What the exercise asks:
Once you find the line with "Young caucasian woman" in the entries below, print it and each line after it up to and including the line with "Woman in dark", exactly, without pictures.

Material provided:
★ ★ ★ ★ ★

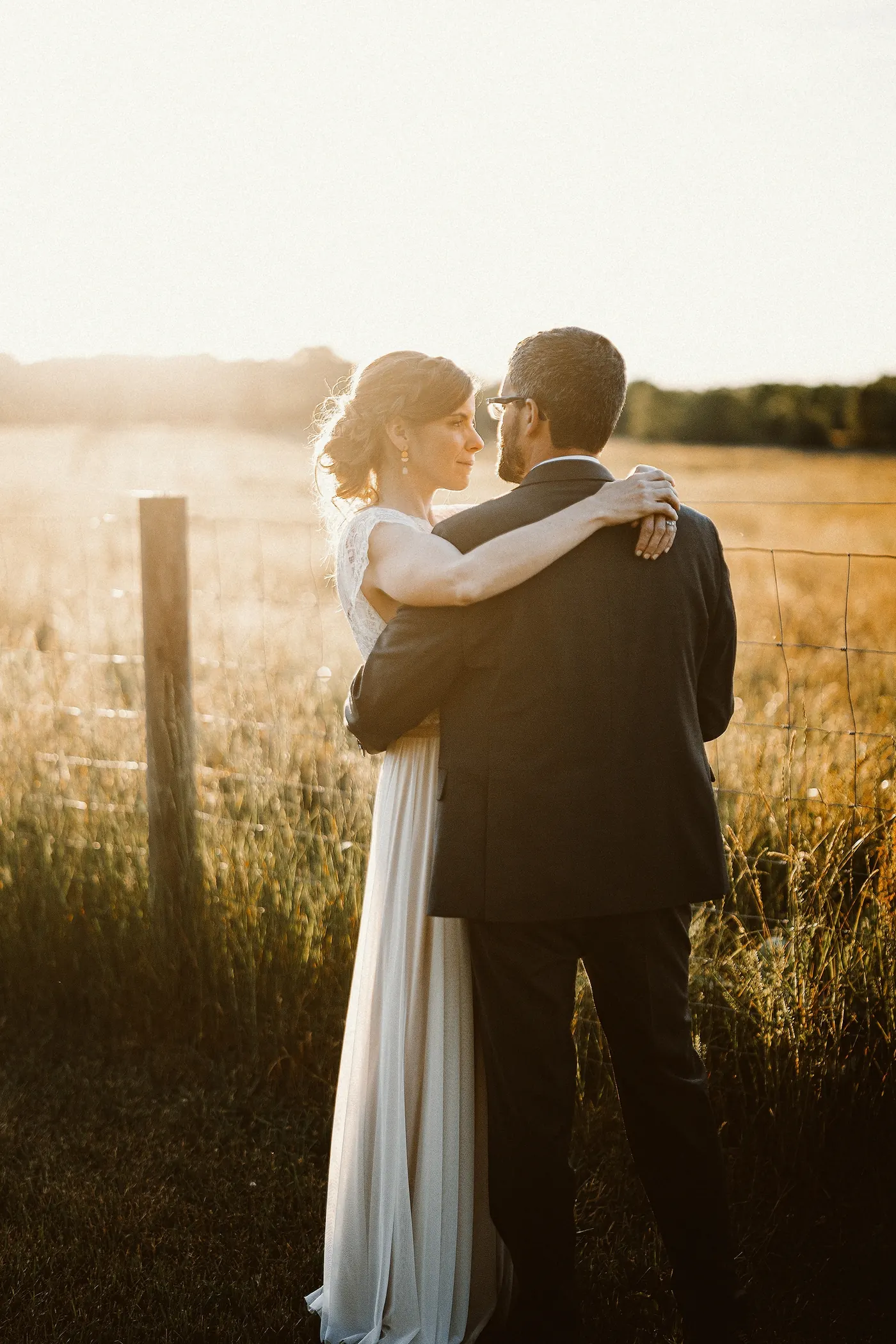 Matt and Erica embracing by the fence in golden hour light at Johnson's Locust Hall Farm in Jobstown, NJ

★ ★ ★ ★ ★

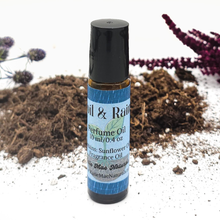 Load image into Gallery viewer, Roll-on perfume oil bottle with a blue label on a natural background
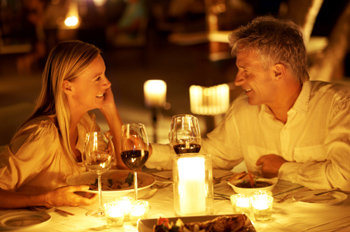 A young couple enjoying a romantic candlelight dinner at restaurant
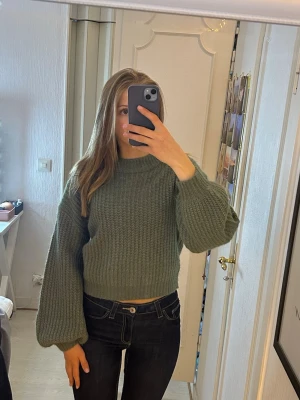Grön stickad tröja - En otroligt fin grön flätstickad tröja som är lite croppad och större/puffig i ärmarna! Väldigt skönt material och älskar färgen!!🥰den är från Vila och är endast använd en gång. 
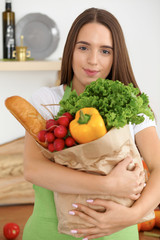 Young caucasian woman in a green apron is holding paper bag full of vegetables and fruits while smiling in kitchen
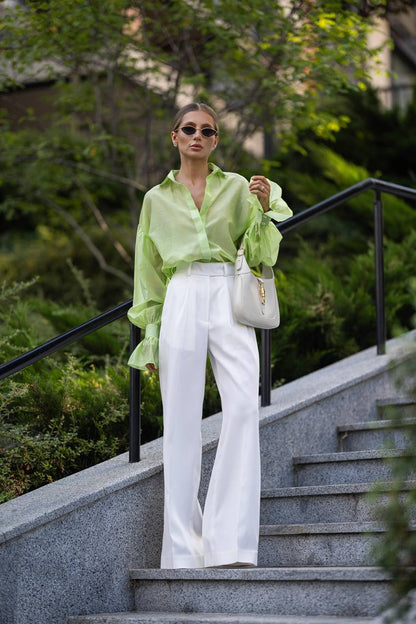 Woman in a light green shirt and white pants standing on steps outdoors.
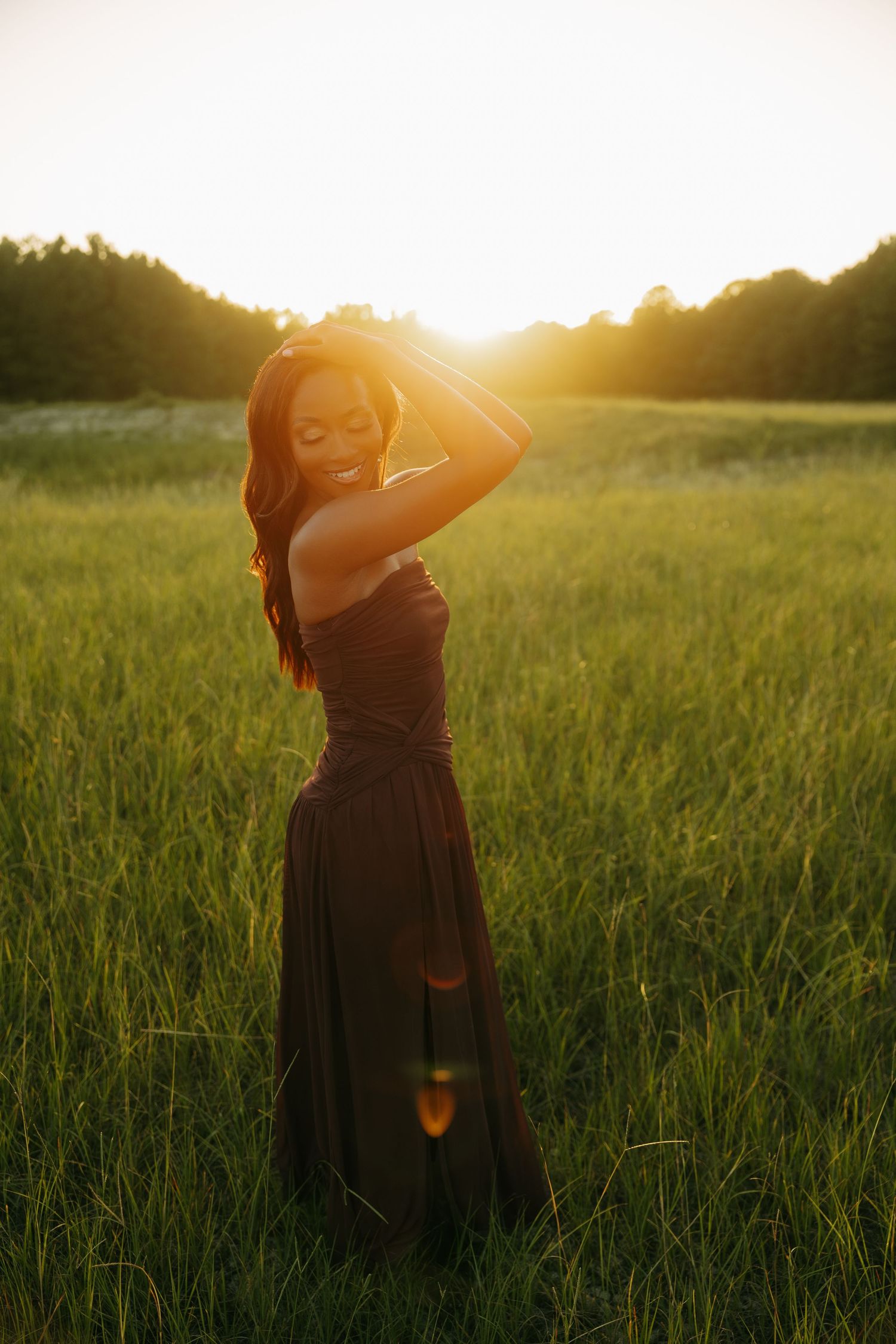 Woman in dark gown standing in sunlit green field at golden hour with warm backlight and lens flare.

★ ★ ★ ★ ★

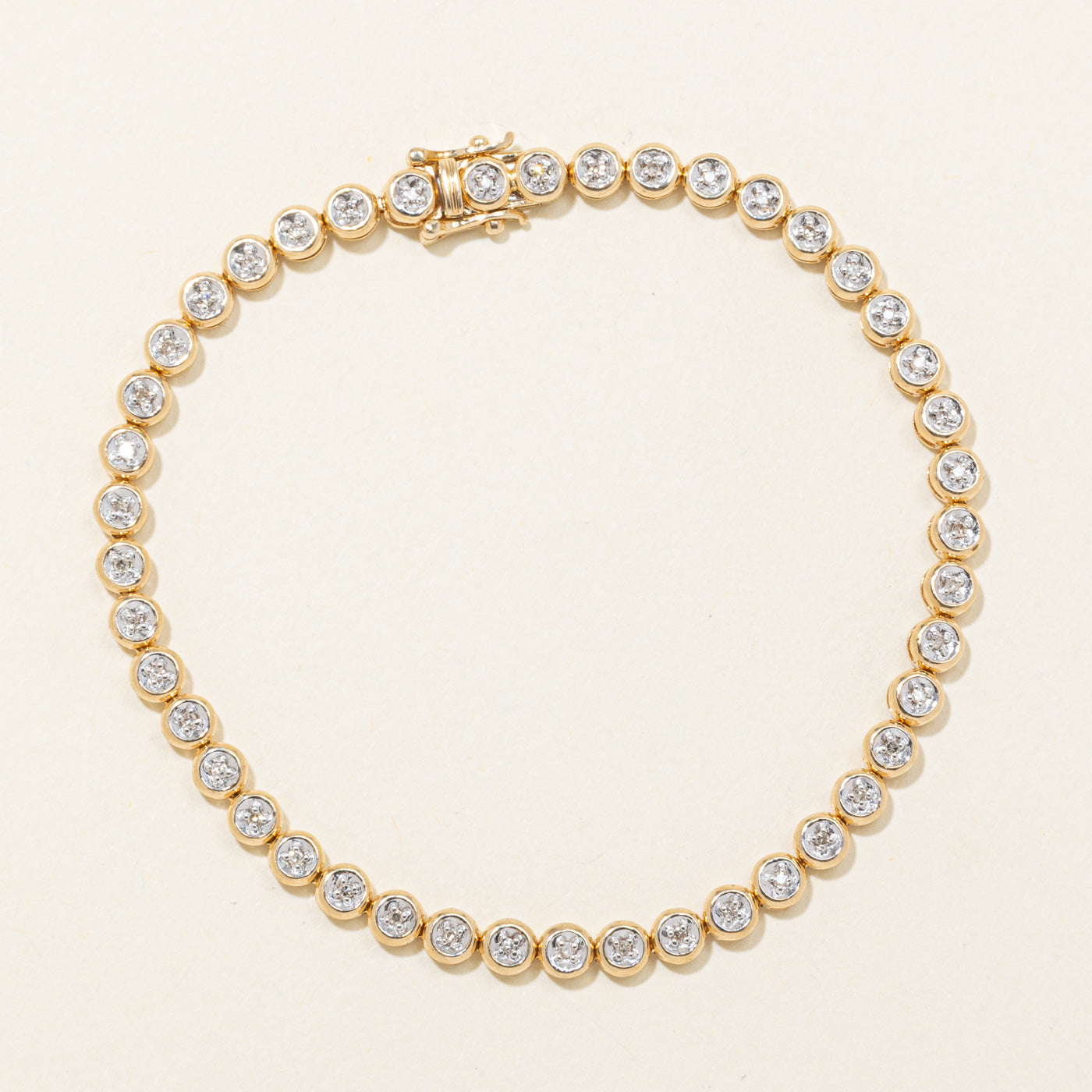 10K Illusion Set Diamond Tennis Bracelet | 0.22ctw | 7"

★ ★ ★ ★ ★

Solution:
 Young caucasian woman in a green apron is holding paper bag full of vegetables and fruits while smiling in kitchen
 Woman in a light green shirt and white pants standing on steps outdoors.
 Woman in dark gown standing in sunlit green field at golden hour with warm backlight and lens flare.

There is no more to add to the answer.